四季が幾ら気配を探っても気付けない訳だった。
自分と弘樹、その二つの力が持つ気配は、いつも身近にある、家にあって当然のものだったのだから。
落ち着きを取り戻した四季の目の前には
3つの未来が示されていた。
否を何も認めず、無かったように振る舞い結局家族も自分も壊してしまう未来。
癇癪を起こし続け、本心の吐露と言う名の暴力で我を通し、一時的な爽快感を得る代わりに全てを壊してしまう未来。

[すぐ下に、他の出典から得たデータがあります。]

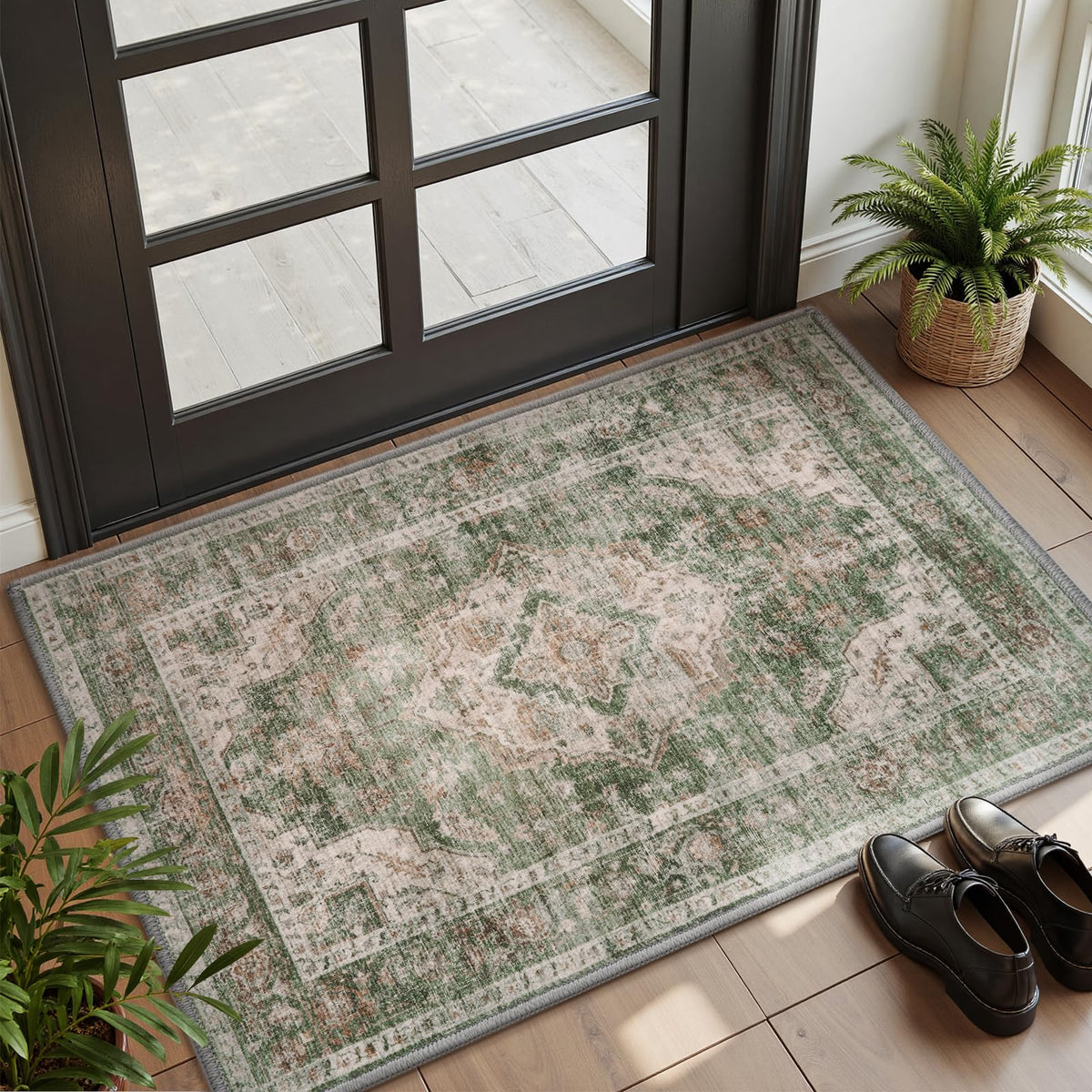 AMOAMI-Area Rug 5X7 Rugs for Living Room-Vintage Soft Beige Rugs for Bedroom-Non Slip Carpet-Machine Washable Rug for Dining Room Living Room Bedroom Office Under Table-Beige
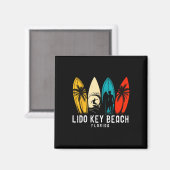 Aimant Plage Retro Lido Key Floride Surfboarder Design Fo (Recto/Verso)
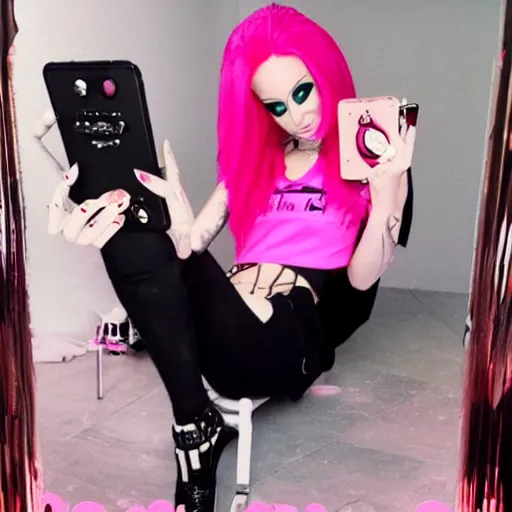 Prompt: jeffree star 2 0 0 0 s selfie with pink red hair wearing a hot pink crop top that says hot on it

そして、困難でも、否定され拒絶されたとしても、それでも自分が納得出来る、普通など関係ない自分の家族を取り戻す道。
恥ずかしかったし情けなかった。
家族を巻き込み我が子を怪我すらさせた自分。
それは癇癪を起こす葉月よりもなお幼稚な、自分勝手なものだったから。
勝手に溜め込んで、当たり散らしただけという、お粗末な事件。
それでも…
受け入れよう、受け止めよう。
そして皆に謝ろう。
許して貰えるかはわからない。
それでも失いたくは無いものがあるのだから。
「決めたようね。まぁまぁの味だったわ」
満足したような表情で少女は告げ、そのまま家を出ていった。
床に転がり暴れていた四季は、全身の力を抜いて寝息を立てている。
弘樹の横に座り込みつつ、その姿を心配そうに見つめる春夏と、その隣で苦虫を噛み潰したような表情の太樹。
何が起きたのか理解は出来ず、しかし多分事件は解決したのだと何となく感じ取った様子の葉月。
遠くから救急車のサイレンが聞こえて来る。
「そろそろ到着するって電話が来たよ!」
階下から足を引きずり、二階へと声を掛ける一樹の声が家の中に響いた。